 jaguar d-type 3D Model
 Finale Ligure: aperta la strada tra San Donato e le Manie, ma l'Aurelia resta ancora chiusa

* * *

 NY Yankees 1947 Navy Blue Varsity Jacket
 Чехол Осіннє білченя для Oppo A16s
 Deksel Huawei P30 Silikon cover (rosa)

=== What is needed ===
Working from the material above, retype exactly the lines from the one with "jaguar d-type 3D Model" through the one with "Finale Ligure: aperta", both included, and only those lines.

=== The answer ===
 jaguar d-type 3D Model
 Finale Ligure: aperta la strada tra San Donato e le Manie, ma l'Aurelia resta ancora chiusa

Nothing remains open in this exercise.